Prove that if n is an odd positive integer, then 1 ≡ n2 (mod 4).
n = 2k+1
n^2 = 4k^2+4k+1 = 4(k^2+k) + 1
To prove that if n is an odd positive integer, then 1 ≡ n^2 (mod 4), we need to show that n^2 is congruent to 1 modulo 4.
Let's break down the process into smaller steps:
Step 1: Express n as an odd positive integer.
Since n is given to be an odd positive integer, we can write it as n = 2k + 1, where k is a non-negative integer.
Step 2: Substitute n from Step 1 into the equation n^2.

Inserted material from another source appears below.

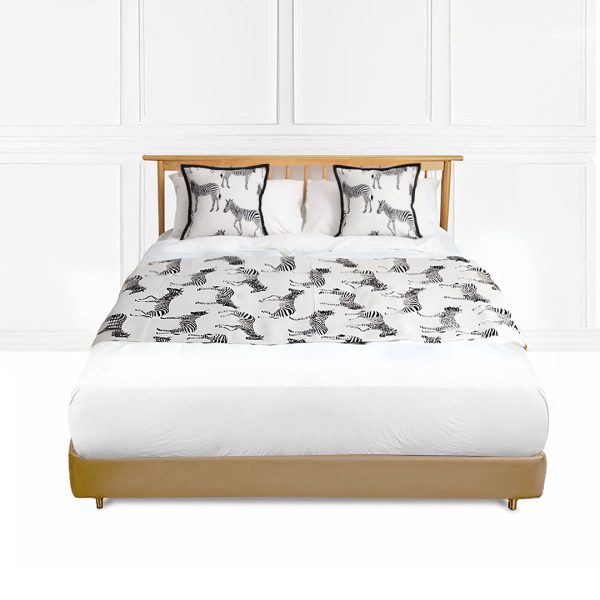 1-SOGA 1.8m Bed Light Luxury Zebra Vintage Bed Scarf Runner Bedding Tail Pad Flag For Home Hotel Set of 3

n^2 = (2k + 1)^2 = 4k^2 + 4k + 1
Step 3: Simplify the expression obtained in Step 2.
We can simplify the expression by factoring out 4 from the first two terms:
n^2 = 4(k^2 + k) + 1
Step 4: Observe the expression obtained in Step 3 and understand its properties.
Since k^2 + k is an integer, let's denote it as m, where m = k^2 + k.
So we have n^2 = 4m + 1.
Step 5: Determine the congruence of n^2 (mod 4).
To find the congruence of n^2 (mod 4), we need to divide n^2 by 4 and observe the remainder.
Divide n^2 by 4:
n^2 = 4m + 1 = 4m + (4 - 3) = 4m + 4 - 3 = 4(m + 1) - 3
The last expression, 4(m + 1) - 3, can be rewritten as:
4(m + 1) ≡ 3 (mod 4)
Step 6: Observe the final expression.
In the expression 4(m + 1) ≡ 3 (mod 4), we can see that the left side, 4(m + 1), is divisible by 4 without any remainders. Therefore, it is congruent to 0 mod 4.
So we have:
4(m + 1) ≡ 0 (mod 4)
Now, let's compare this to the right side: 3 (mod 4).
When we divide 3 by 4, we get a remainder of 3.
Therefore, we have proved that 4(m + 1) is congruent to 3 (mod 4):
4(m + 1) ≡ 3 (mod 4)
Step 7: Final conclusion.
Since 4(m + 1) ≡ 3 (mod 4), this implies that n^2 ≡ 1 (mod 4). Therefore, if n is an odd positive integer, then 1 ≡ n^2 (mod 4), as required.
Note: It's important to understand the properties of congruence and divisibility to follow this proof.